= Problem =
Once you find the line with "IESS_Manabi's tweet photo." in the entries below, return exactly every line from it through the line with "obligaciones patronales https://t.co/cwXoOU8KLo".

= Dataset content =
Start of Block
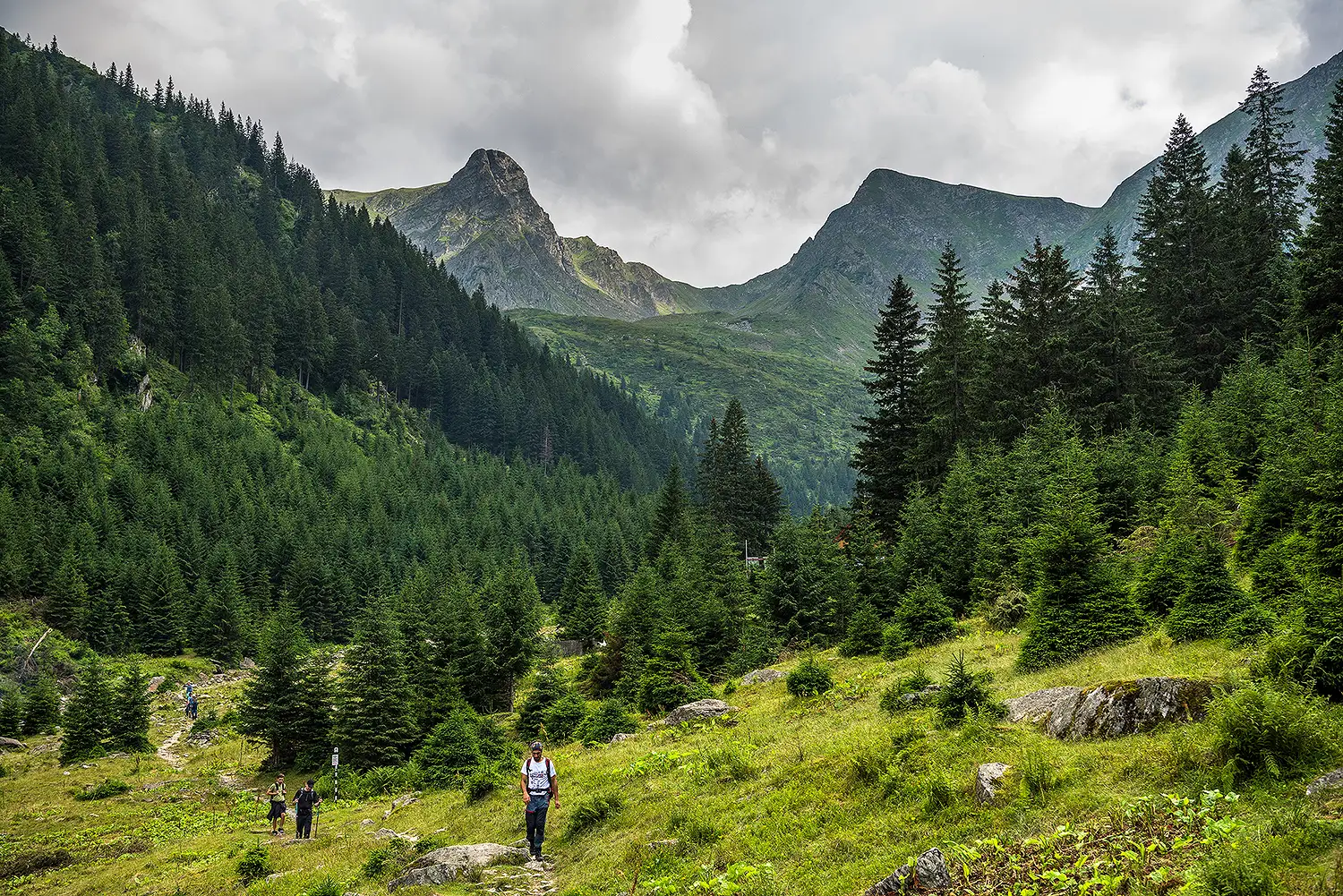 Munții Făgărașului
End of Block
Start of Block
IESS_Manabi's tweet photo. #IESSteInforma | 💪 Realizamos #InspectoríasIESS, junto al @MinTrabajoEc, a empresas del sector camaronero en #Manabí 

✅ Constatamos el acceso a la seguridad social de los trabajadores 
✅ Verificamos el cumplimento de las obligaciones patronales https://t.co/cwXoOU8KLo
End of Block
= Output for this exercise =
IESS_Manabi's tweet photo. #IESSteInforma | 💪 Realizamos #InspectoríasIESS, junto al @MinTrabajoEc, a empresas del sector camaronero en #Manabí 

✅ Constatamos el acceso a la seguridad social de los trabajadores 
✅ Verificamos el cumplimento de las obligaciones patronales https://t.co/cwXoOU8KLo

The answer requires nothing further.